Steven Tyler ha origini calabresi: suo nonno è emigrato da Cotronei (Crotone) e, quindi stiamo parlando della nostra storia di calabresi. Anche mio nonno materno è emigrato negli Usa e mio padre a Toronto (negli anni Cinquanta). La mia identità di “calabrese” è anche un’identità fatta di partenze, fughe, ritorni, sogni, delusioni, successi. I figli e i nipoti di nostri emigrati, partiti con la valigia di cartone, con i soldi in prestito, in mondi sconosciuti, hanno portato la loro “Calabria” dovunque, hanno sofferto, ma hanno, con fatica e sacrificio, creato un mondo vivibile per loro e per i loro discendenti. Le seconde e terze generazioni si sono inseriti, spesso, in maniera alta, splendida, eccelsa nelle città del mondo, specie nelle Americhe: sono diventati imprenditori, scrittori, poeti, musicisti, artisti, che non hanno mai dimenticato, nelle loro opere il mondo delle origini. Pensiamo al grande John Fante, abruzzese, e al grande Gay Talese, padre di Maida, che ancora vive e scrive cose bellissime anche per farci capire come la Calabria si è dilatata, rigenerata, grazie a contadini e persone umili, spesso oggetto di esclusione e di razzismo. Ce l’hanno fatta anche per noi e di noi non si sono dimenticati. Moltissimi, non solo artisti, scrittori, musicisti, hanno una grande nostalgia delle origine, l’orgoglio delle loro radici, continuano a sentirsi parte di una storia e di luoghi che non hanno nemmeno conosciuto. Come abbiamo risposto a questi nostri fratelli, doppi, dell’altrove. Certo con affetto e con amore, ma spesso con lacrimevole retorica, con languide pacche sulle spalle, in maniera paternalistica. Senza badare alle grandi possibilità che da quella Calabria altrove ci donavano, a livello economico, di scambi, di relazioni culturali. Non abbiamo saputo rispondere adeguatamente.

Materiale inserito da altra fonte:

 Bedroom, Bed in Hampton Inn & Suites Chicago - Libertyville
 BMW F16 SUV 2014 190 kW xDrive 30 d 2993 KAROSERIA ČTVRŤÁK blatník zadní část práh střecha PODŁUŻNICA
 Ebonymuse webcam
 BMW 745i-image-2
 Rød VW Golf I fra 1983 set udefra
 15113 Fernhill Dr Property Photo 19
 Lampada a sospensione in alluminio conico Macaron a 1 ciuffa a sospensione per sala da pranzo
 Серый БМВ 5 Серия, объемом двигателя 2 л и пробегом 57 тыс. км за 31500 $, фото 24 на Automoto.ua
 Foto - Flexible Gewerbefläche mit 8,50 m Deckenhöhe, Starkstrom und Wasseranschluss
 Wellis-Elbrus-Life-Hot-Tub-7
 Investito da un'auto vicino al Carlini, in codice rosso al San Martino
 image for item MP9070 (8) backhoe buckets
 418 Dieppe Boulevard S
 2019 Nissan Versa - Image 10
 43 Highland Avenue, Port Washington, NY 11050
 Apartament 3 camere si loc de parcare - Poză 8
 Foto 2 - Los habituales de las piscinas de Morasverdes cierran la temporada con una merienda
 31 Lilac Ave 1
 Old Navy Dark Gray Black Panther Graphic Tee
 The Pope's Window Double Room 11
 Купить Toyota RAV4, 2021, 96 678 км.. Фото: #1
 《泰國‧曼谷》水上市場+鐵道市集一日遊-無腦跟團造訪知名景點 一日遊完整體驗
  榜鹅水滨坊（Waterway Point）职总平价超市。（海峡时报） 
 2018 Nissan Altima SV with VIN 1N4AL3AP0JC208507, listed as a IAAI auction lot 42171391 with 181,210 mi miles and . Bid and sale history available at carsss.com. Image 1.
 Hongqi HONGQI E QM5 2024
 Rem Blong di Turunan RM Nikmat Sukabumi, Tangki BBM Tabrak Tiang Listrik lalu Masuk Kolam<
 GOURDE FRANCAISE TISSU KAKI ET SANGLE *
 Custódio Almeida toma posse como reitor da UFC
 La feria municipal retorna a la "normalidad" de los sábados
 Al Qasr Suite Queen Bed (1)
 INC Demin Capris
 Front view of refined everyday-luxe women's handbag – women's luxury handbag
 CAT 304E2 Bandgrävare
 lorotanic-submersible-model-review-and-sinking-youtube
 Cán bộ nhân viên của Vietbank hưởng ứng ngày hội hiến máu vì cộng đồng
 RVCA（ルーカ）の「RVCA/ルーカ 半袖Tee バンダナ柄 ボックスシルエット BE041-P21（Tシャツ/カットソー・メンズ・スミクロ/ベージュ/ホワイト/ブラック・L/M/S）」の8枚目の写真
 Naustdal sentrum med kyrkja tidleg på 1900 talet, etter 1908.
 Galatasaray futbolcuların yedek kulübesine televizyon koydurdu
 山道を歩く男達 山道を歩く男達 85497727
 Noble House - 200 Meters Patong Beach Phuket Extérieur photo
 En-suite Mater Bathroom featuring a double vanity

E così Steven Tyler, che accetta e propone, fin dal 2009, di creare, con gli abitanti e gli amministratori di Cotronei, un “Museo del Rock” in una bel palazzo dei suoi antenati, dove avrebbe fatto confluire oggetti, suoni, immagini, video ecc., annunciando anche un mega e originale concerto in Calabria, subisce (e noi con lui) l’ennesimo “tradimento” di alcuni dei calabresi “rimasti”, sperimenta con dolore quanto in fondo sia complicato, impossibile, un “ritorno”, anche temporaneo, ma notevolmente simbolico, in paesi che si spopolano e che non riescono ad elaborare politiche di rigenerazioni.
Un grande musicista come Steven Tyler si vede costretto a prendere atto che l’amore per i luoghi di origine degli antenati e del nonno, non solo non viene ricambiato, ma viene snaturato, venduto, svenduto, in maniera molto triste. Non conosco la vicenda nei suoi particolari, non amo emettere sentenze e giudizi su nessuno, certo Tyler, anche tramite qualche suo parente, ha visto che il Comune di Cotronei ha modificato e snaturato il progetto originale del “Museo del Rock” e ha diffidato il Comune. Quel che è certo che c’è un’inchiesta giudiziaria contro amministratori e persone del luogo, che hanno pensato bene di dirottare una somma cospicua (pare oltre un milione di Euro erogati o da erogare da parte della Regione) per fare “altro”, per sistemare altri immobili, che nulla hanno a che fare con il “Museo del Rock”.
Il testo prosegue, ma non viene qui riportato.